Re: CHAT: Names of radiostations (was: Re: The young Tolkien)
From: | taliesin the storyteller <taliesin@...> |
Date: | Friday, July 13, 2001, 13:20 |
* John Cowan said on 2001-07-13 14:34:22 +0200
> taliesin the storyteller scripsit:
> > That is: they never say it [callsigns] on the air,
>
> Really? I thought it was the relevant international treaties
> (not just domestic regulations) that required the callsign to be
> broadcast at least once an hour during normal hours of operation.

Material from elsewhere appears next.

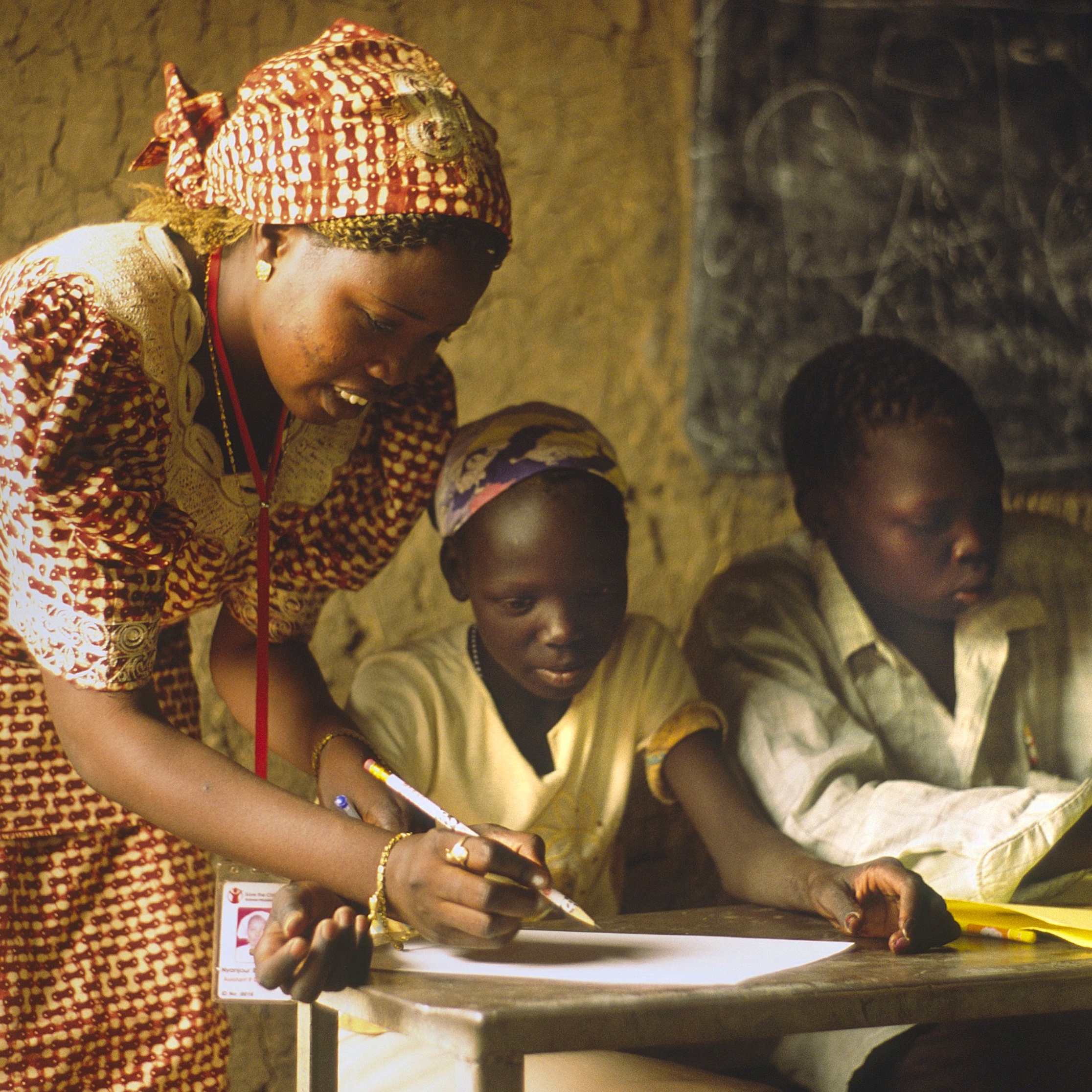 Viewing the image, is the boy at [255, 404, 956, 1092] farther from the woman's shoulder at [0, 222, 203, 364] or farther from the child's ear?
the woman's shoulder at [0, 222, 203, 364]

The names are usually short (to fit in a RDS-screen I guess, see
http://www.rds.org.uk/rds98/whatisrds.htm). On my radio at home I
have NRK P1, NRK P2, NRK P3, NRK MP3, NRK alltid klassisk (~always
classical), NRK alltid nyheter (~always news, with BBC World in the
evenings and night), NRK alltid storting (live transmissions from
parliament) which are the state-run ones, RADIO 1 and P4 (typical
trucker-channels), NRJ (for young teens, endlessly repetitive),
the Voice (mostly various variants of house), and a weird one at
100.0 FM with fundamental christians some days and a far-right youth
party (fundies in their own way) others... well that's the ones I
can recall right now anyway. No talk-radio, and all FM. I've never
found any stations on AM or short/medium/long wave.